▸ Work task
Copy every entry verbatim and skip the pictures.

▸ Record extracts
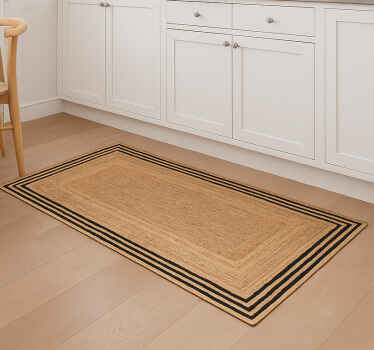 Természetes zsákszövet hatású vinil szőnyeg konyha - TenStickers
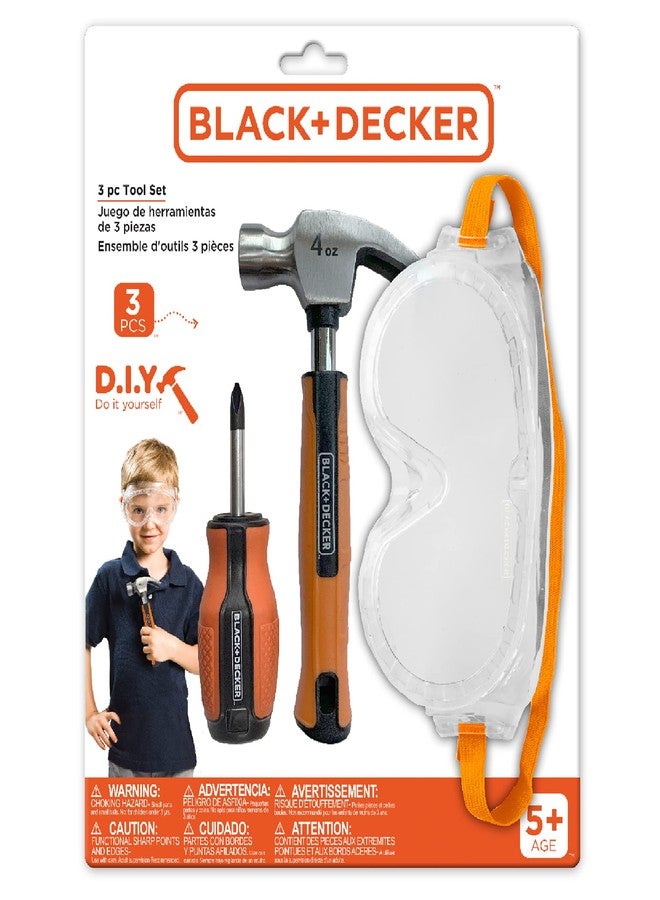 BLACK+DECKER Black & Decker Pretend Play Toolset for Kids, Looks Like The Real Tools - Image 1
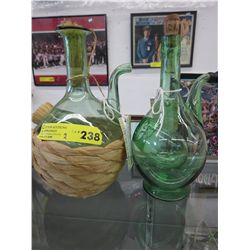2 Green glass wine decanters with ice chambers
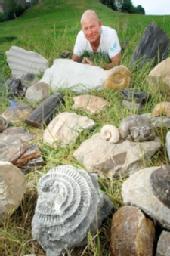 Steve England with some of his fossil finds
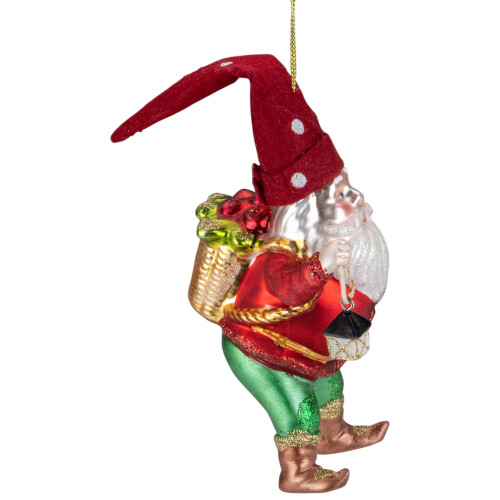 6" Gold and Red Gnome with Lantern and Flower Basket Glass Christmas Ornament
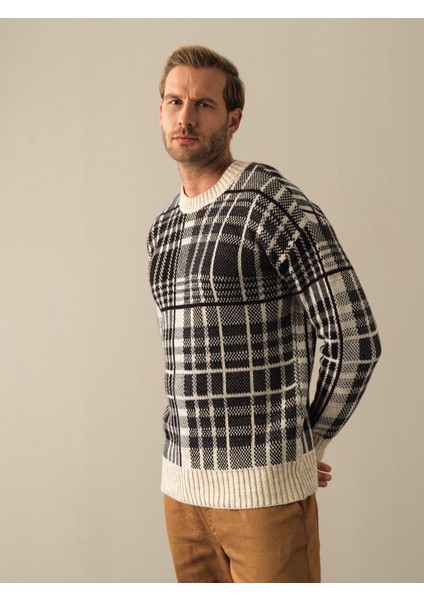 Erkek Siyah Oversize Ekose Kazak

▸ Written solution
 Természetes zsákszövet hatású vinil szőnyeg konyha - TenStickers
 BLACK+DECKER Black & Decker Pretend Play Toolset for Kids, Looks Like The Real Tools - Image 1
2 Green glass wine decanters with ice chambers
 Steve England with some of his fossil finds
 6" Gold and Red Gnome with Lantern and Flower Basket Glass Christmas Ornament
 Erkek Siyah Oversize Ekose Kazak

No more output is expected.